Kunden und Journalisten kritisieren Touchscreen-Bedienung
Kritisch äusserte sich Ingenlath zur Bedienung im Innenraum. Für die kommenden Volvo-Modelle müsse man sie grundlegend überdenken und stärker auf die Kunden hören. Die Art, wie viele Funktionen in heutigen Autos bedient werden, komme nicht gut an und werde von Kunden wie Journalisten regelmässig teilf heftig kritisiert. Aus Sicht des Designchefs braucht es deshalb ein besseres Gleichgewicht zwischen digitaler Bedienung und physischen Bedienelementen.

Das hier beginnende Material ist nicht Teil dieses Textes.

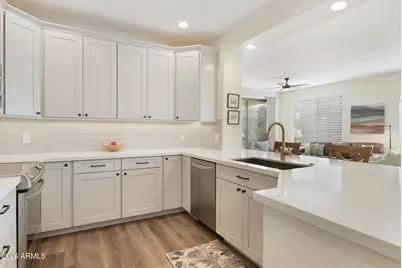 10655 N 9th Street #217, Phoenix, AZ 85020 - Photo 2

„Wir verzichten nicht auf Touchscreens, sondern wollen den Bildschirm einfach für das nutzen, was er gut kann. Mein Grundsatz lautet: Jede Funktion, die ständig auf dem Bildschirm angezeigt wird, sollte gar nicht erst dort erscheinen. Beim Bildschirm geht es um Flexibilität und darum, das anzuzeigen, was man nicht ständig vor Augen haben muss. Es geht also darum, den Touchscreen für das zu nutzen, wofür er gut ist, und wieder ein paar mehr Tasten einzuführen als in den heutigen Autos.“
Kunden aus China ticken anders
Viele Autos aus China sind mit einer ganzen Reihe von Displays ausgestattet. Das überrascht kaum, denn die Bedienung über Bildschirme ist dort beliebter als etwa in Europa. Auch Ingenlath sieht diese Unterschiede und deutet einen regionalen Ansatz für das künftige Volvo-Design an. Denkbar ist also, dass die sechs für China geplanten Modelle mehr Displays erhalten als die sieben Modelle für westliche Märkte.

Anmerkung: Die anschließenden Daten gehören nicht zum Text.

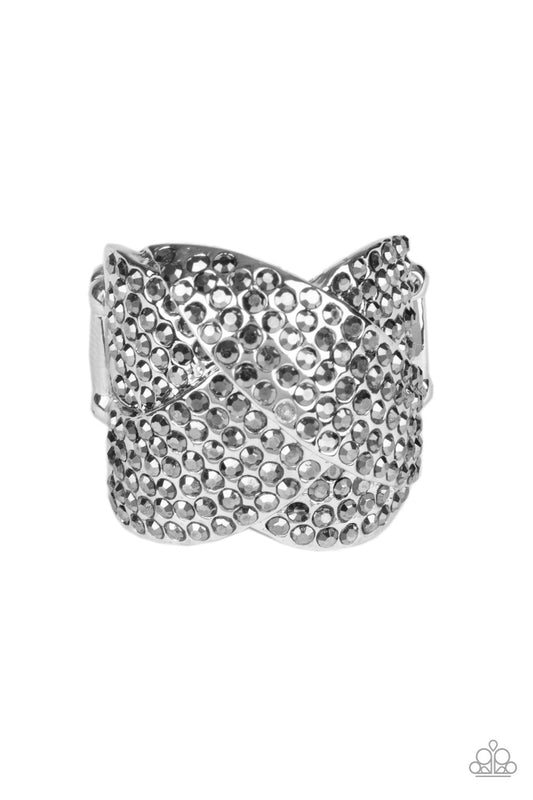 shop-sassy-affordable- scandalous-shimmer-silver-paparazzi-accessories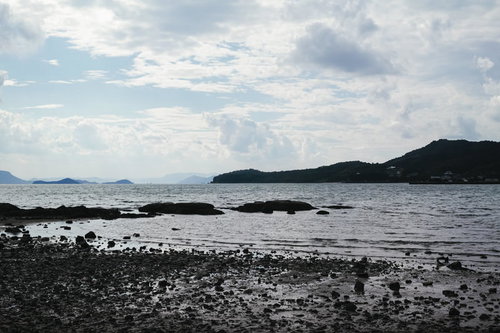 エンジェルロードから見た砂洲と穏やかな海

Künftig sollen in Volvo-Modellen jedenfalls wieder mehr physische Bedienelemente zum Einsatz kommen. Mit dieser Erkenntnis steht Volvo nicht allein: Auch andere europäische Hersteller setzen wieder stärker auf Tasten und Schalter. In neuen Modellen des VW-Konzerns wie dem ID. Polo und dem ID.3 Neo feiern physische Bedienelemente ebenfalls ein Comeback.